## LISTED ENTRIES
|---|

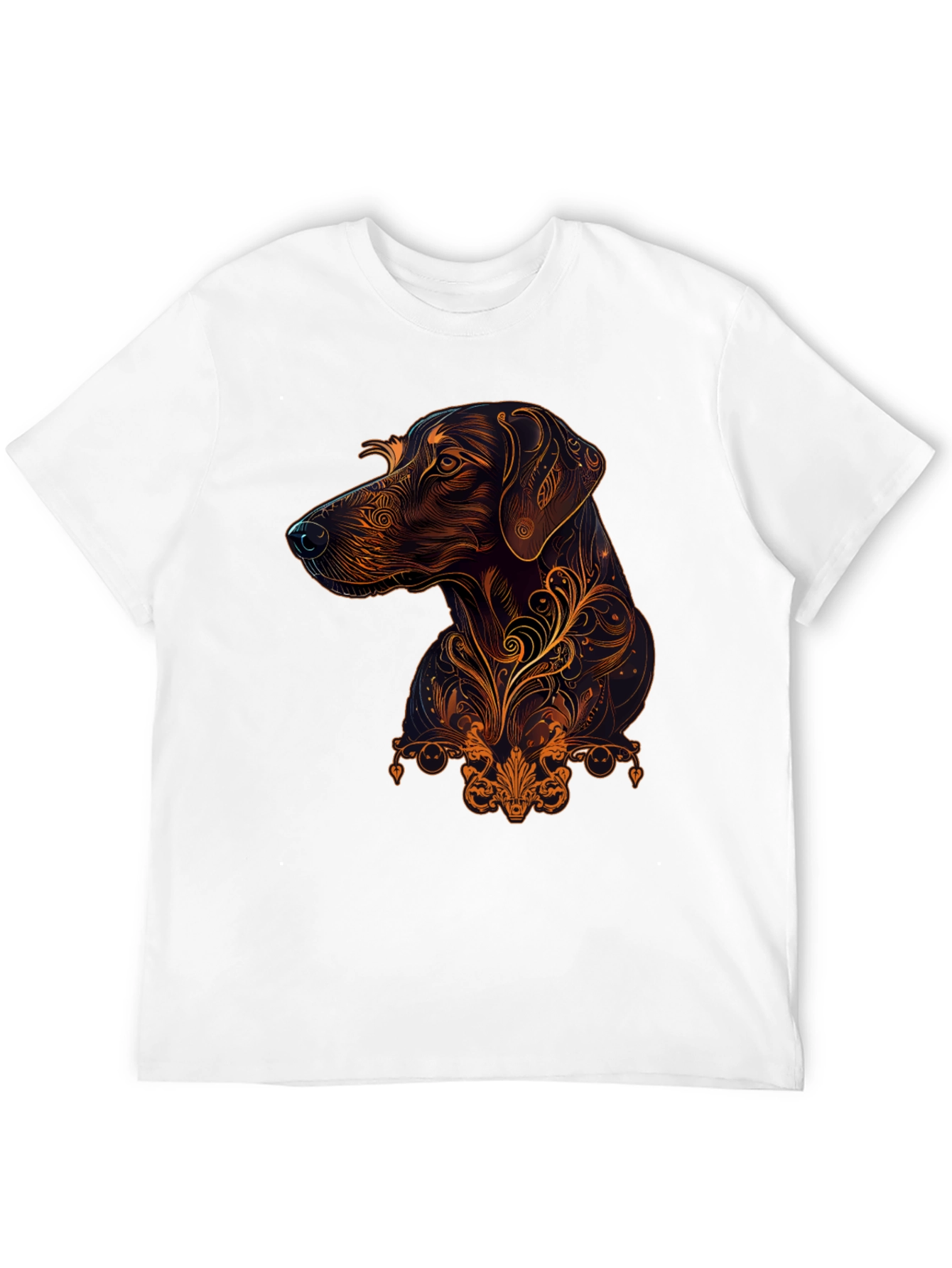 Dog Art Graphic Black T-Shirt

|---|

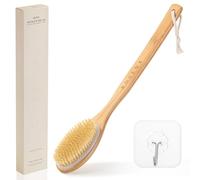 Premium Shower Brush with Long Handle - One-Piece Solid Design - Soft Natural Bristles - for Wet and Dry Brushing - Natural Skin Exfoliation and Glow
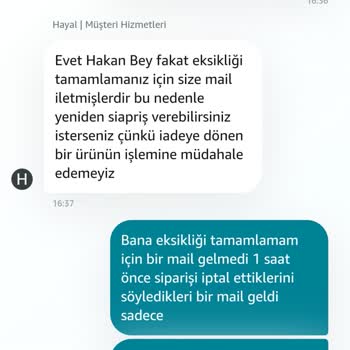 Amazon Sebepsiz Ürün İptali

|---|

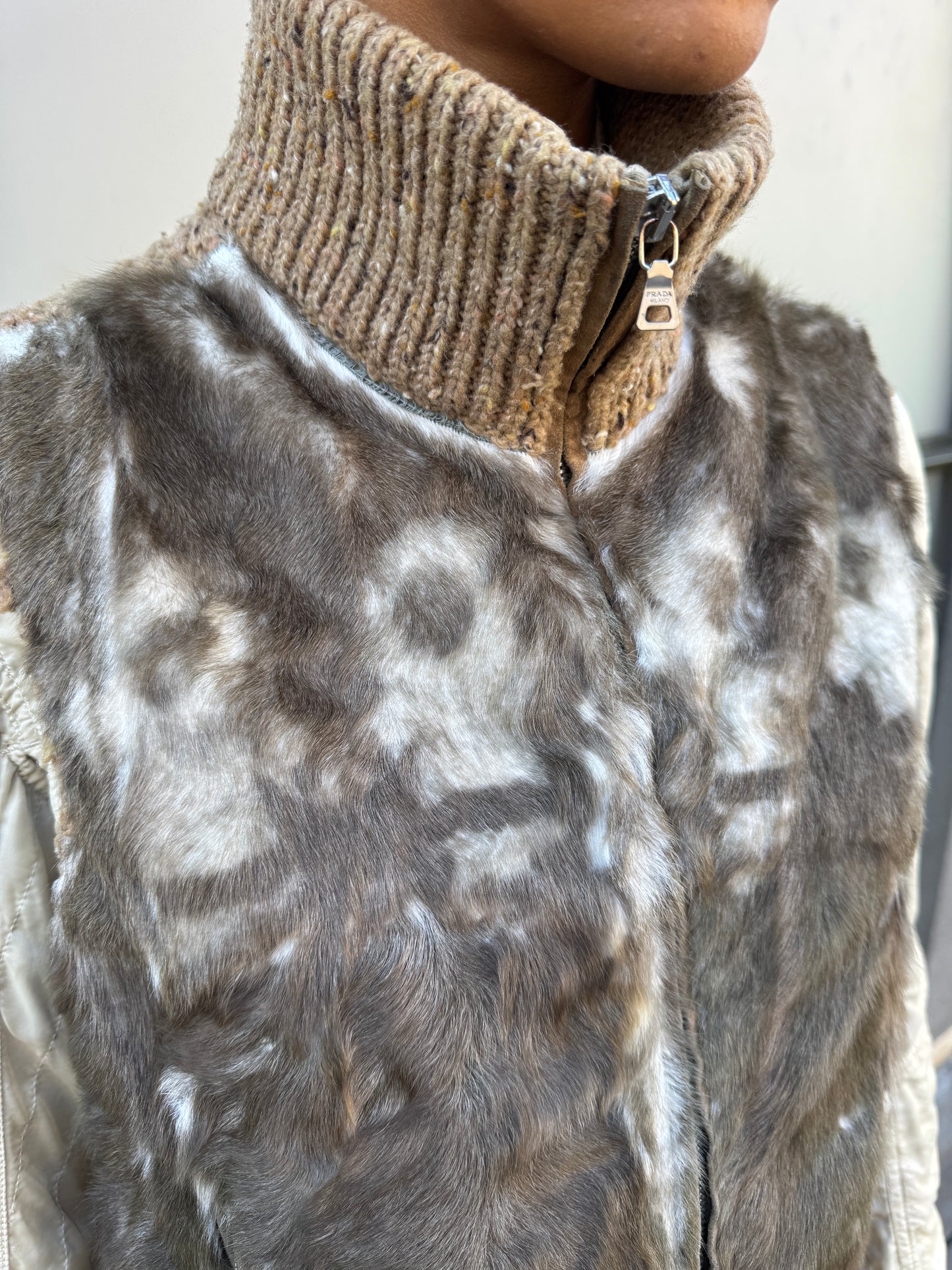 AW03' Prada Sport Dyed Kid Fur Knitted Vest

|---|

## WHAT YOU HAVE TO DO
In the listing above, find the line with "Premium Shower Brush" and the line with "Amazon Sebepsiz Ürün İptali". Set down exactly those lines and everything between them, skipping pictures.

## OUTPUT FOR THIS EXERCISE
 Premium Shower Brush with Long Handle - One-Piece Solid Design - Soft Natural Bristles - for Wet and Dry Brushing - Natural Skin Exfoliation and Glow
 Amazon Sebepsiz Ürün İptali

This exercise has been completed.